LA COUR, en l'audience publique du 15 mai 2019, où étaient présents : Mme Flise, président, M. Boiffin, conseiller rapporteur, M. Savatier, conseiller doyen, Mme Rosette, greffier de chambre ;

Sur le rapport de M. Boiffin, conseiller, les observations de la SCP Waquet, Farge et Hazan, avocat de M. U..., l'avis de M. Grignon Dumoulin, avocat général, et après en avoir délibéré conformément à la loi ;

Donne acte à M. U... du désistement de son pourvoi en ce qu'il est dirigé contre la société d'assurances mutuelles La MACIF ;

Sur le premier moyen, pris en ses trois branches réunies :

Vu les articles 1 et 5 de la loi n° 85-677 du 5 juillet 1985 ;

Attendu que l'indemnisation d'une victime d'un accident de la circulation dans lequel est impliqué un véhicule terrestre à moteur ne peut être fondée que sur les dispositions d'ordre public de la loi du 5 juillet 1985 ; que le propriétaire de ce véhicule, même s'il en est resté gardien, peut demander au conducteur la réparation de son préjudice matériel sans avoir à prouver la faute de ce dernier ;

Attendu, selon le jugement attaqué, rendu en dernier ressort, que le véhicule de M. U..., dont celui-ci avait confié la conduite à Mme C... et dont il était passager, a été endommagé dans un accident de la circulation où ce véhicule était seul impliqué ; que M. U... a demandé à Mme C... la réparation de son préjudice matériel ;

Attendu que pour rejeter la demande, le jugement énonce que le préjudice invoqué par M. U... ne peut être indemnisé que si celui-ci, propriétaire et gardien présumé du véhicule, démontre l'existence d'une faute commise par Mme C..., conductrice, et retient que n'est pas prouvée une telle faute à l'origine du dommage subi par le véhicule ;

Qu'en statuant ainsi, le tribunal a violé les textes susvisés ;

PAR CES MOTIFS et sans qu'il y ait lieu de statuer sur le second moyen :

CASSE ET ANNULE, sauf en ce qu'il a déclaré recevable l'action de M. U..., le jugement rendu le 6 mars 2018, entre les parties, par le tribunal d'instance du Mans ; remet, en conséquence, sauf sur ce point, la cause et les parties dans l'état où elles se trouvaient avant ledit jugement et, pour être fait droit, les renvoie devant le tribunal d'instance de Laval ;

Condamne Mme C... aux dépens ;

Vu l'article 700 du code de procédure civile, condamne Mme C... à payer à M. U... la somme de 3 000 euros ; Dit que sur les diligences du procureur général près la Cour de cassation, le présent arrêt sera transmis pour être transcrit en marge ou à la suite du jugement partiellement cassé ;

Ainsi fait et jugé par la Cour de cassation, deuxième chambre civile, et prononcé par le président en son audience publique du treize juin deux mille dix-neuf. MOYENS ANNEXES au présent arrêt

Moyens produits par la SCP Waquet, Farge et Hazan, avocat aux Conseils, pour M. U...

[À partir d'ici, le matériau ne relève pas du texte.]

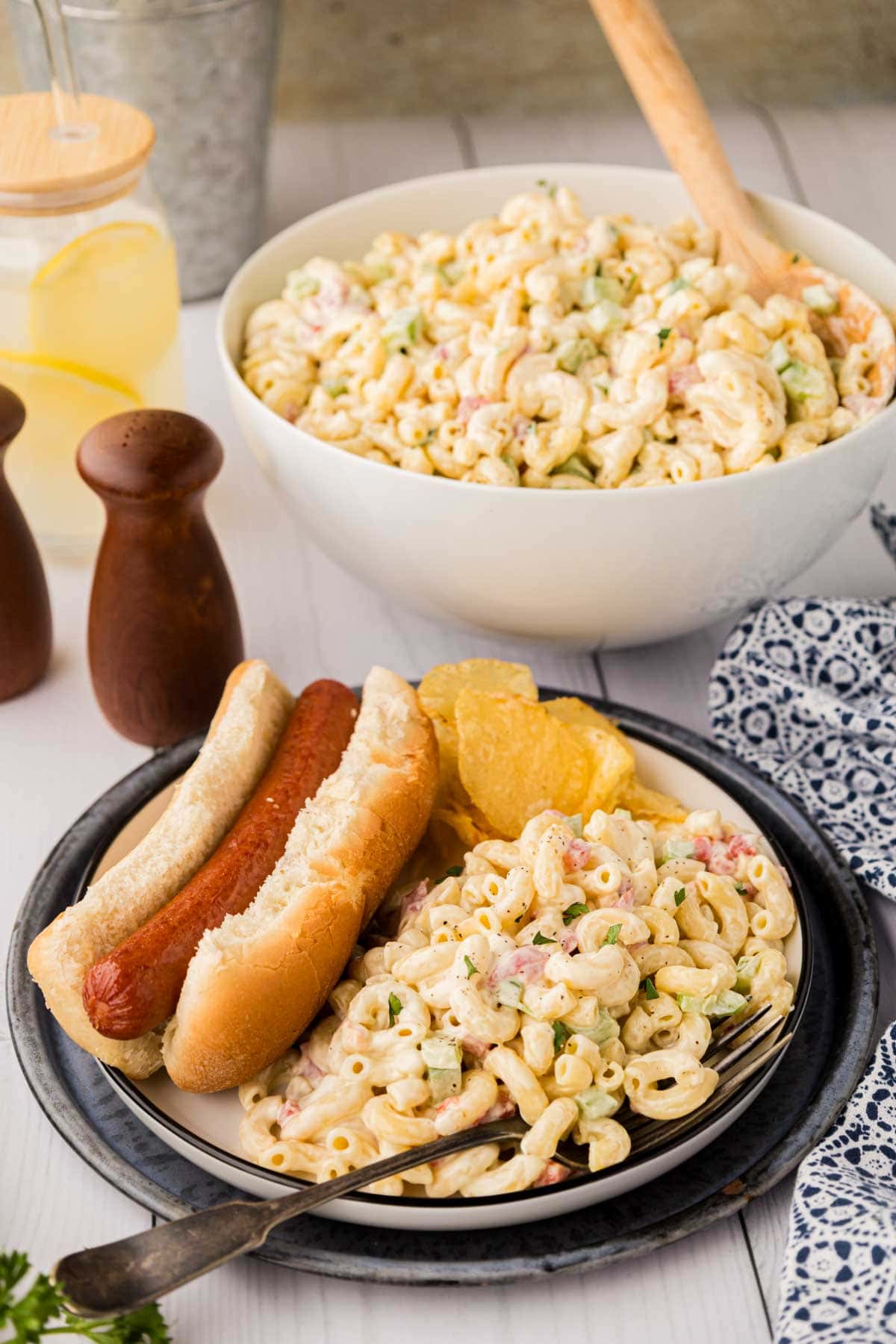 Macaroni salad served with a hot dog on a plate with a bowl of macaroni in the background.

PREMIER MOYEN DE CASSATION

IL EST FAIT GRIEF au jugement attaqué D'AVOIR débouté M. U... de ses demandes tendant à l'engagement de la responsabilité de Mme C... ;

AUX MOTIFS QUE : « Selon l'article 1382 du Code civil, tout fait quelconque de l'homme, qui cause à autrui un dommage, oblige celui par la faute duquel il est arrivé, à le réparer.

L'indemnisation des victimes d'accident de la circulation est prévue par les dispositions de la loi n°85-677 du 5 juillet 1985.

Ainsi, au sens de l'article premier, l'indemnisation suppose l'implication d'au moins un véhicule terrestre à moteur.

Selon l'article 5, alinéa 2, lorsque le conducteur d'un véhicule terrestre à moteur n'en est pas le propriétaire, la faute de ce conducteur peut être opposée au propriétaire pour l'indemnisation des dommages causés à son véhicule. Le propriétaire dispose d'un recours contre le conducteur.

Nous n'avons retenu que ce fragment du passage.